February 03, 2017
February 03, 2017
This week the Texas Supreme Court made no grants, but issued three opinions. The Court’s opinion dealing with attorney-client privilege in the context of the Texas Public Information Act is of particular interest.
Attorney General Ken Paxton v. City of Dallas – 15-0073:
The principle issue in this case is whether attorney-client privilege constitutes a compelling reason to rebut the public-disclosure presumption arising by the failure to meet the 10-day deadline under Section 552.302 of the Texas Public Information Act.
In this case, the City of Dallas received 2 public-information requests but failed to make a timely request an attorney general opinion affirming the City’s decision that the information requested is not subject to disclosure. The Attorney General ruled that attorney-client privilege did not constitute a compelling reason to withhold the request sufficient to rebut the public-disclosure presumption. In the trial-court proceedings that followed, one court agreed with the Attorney General and held that the City did not have a compelling reason to withhold the information. The other court held that the information was protected from public disclosure because attorney-client privilege is a compelling reason. These cases were appealed to the Thirteenth Court of Appeals and the Third Court of Appeals, respectively.
The Thirteenth Court of Appeals reversed the trial court’s holding that attorney-client privilege was not a compelling reason to rebut the public-disclosure presumption. The Third Court of Appeals affirmed the trial court’s holding that attorney-client privilege is a compelling reason to withhold information.

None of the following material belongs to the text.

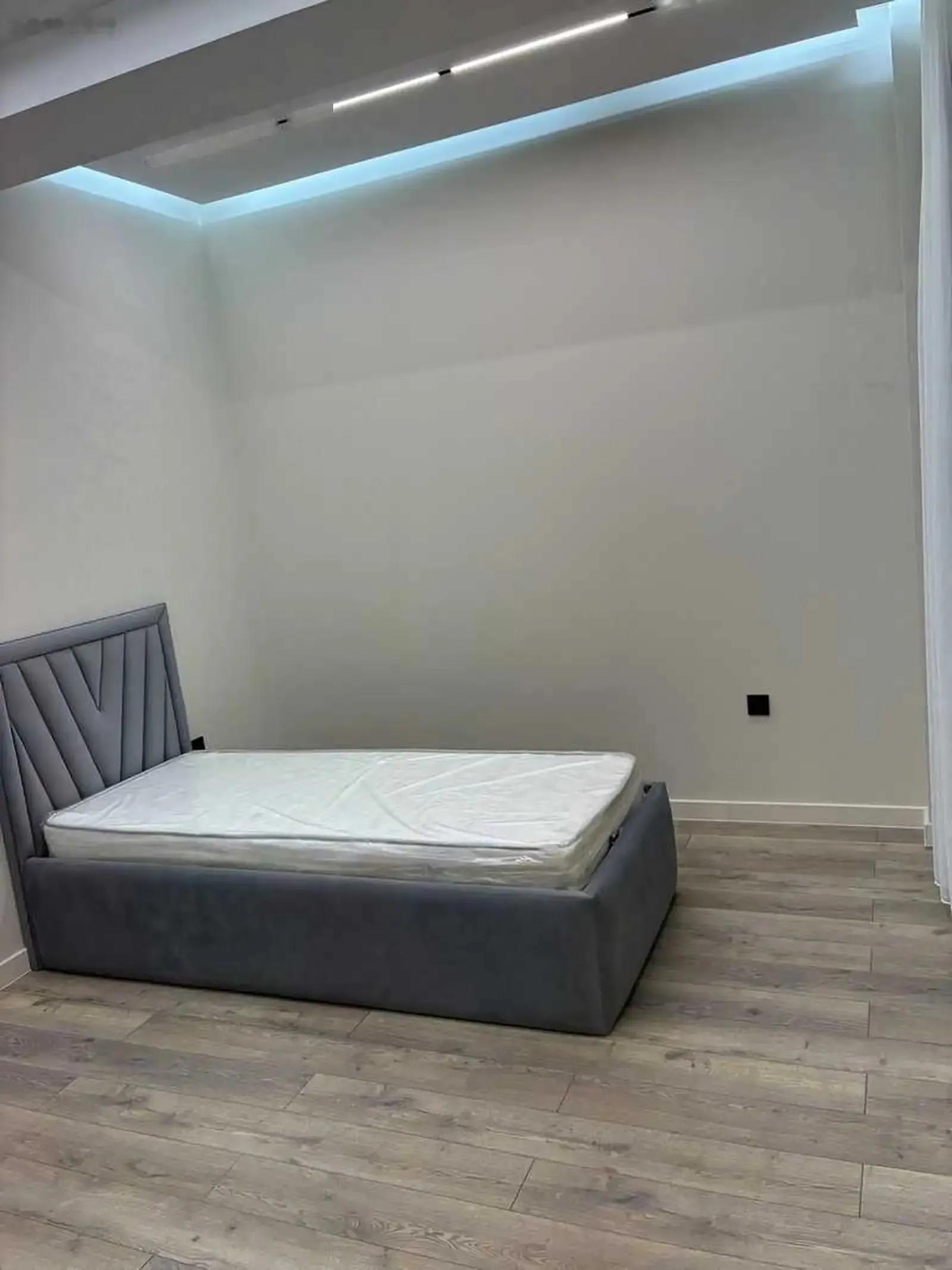 3-комн. квартира, 4 этаж, 95м², Северный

Reasoning that attorney-client privilege “has been a cornerstone of our legal system for nearly 500 years” and that the “interests protected and secured by the promise of confidentiality are … quintessentially imperative,” the Texas Supreme Court held that attorney-client privilege is a compelling reason to rebut the public-disclosure presumption and that failing to timely request an attorney general opinion does not waive the privilege.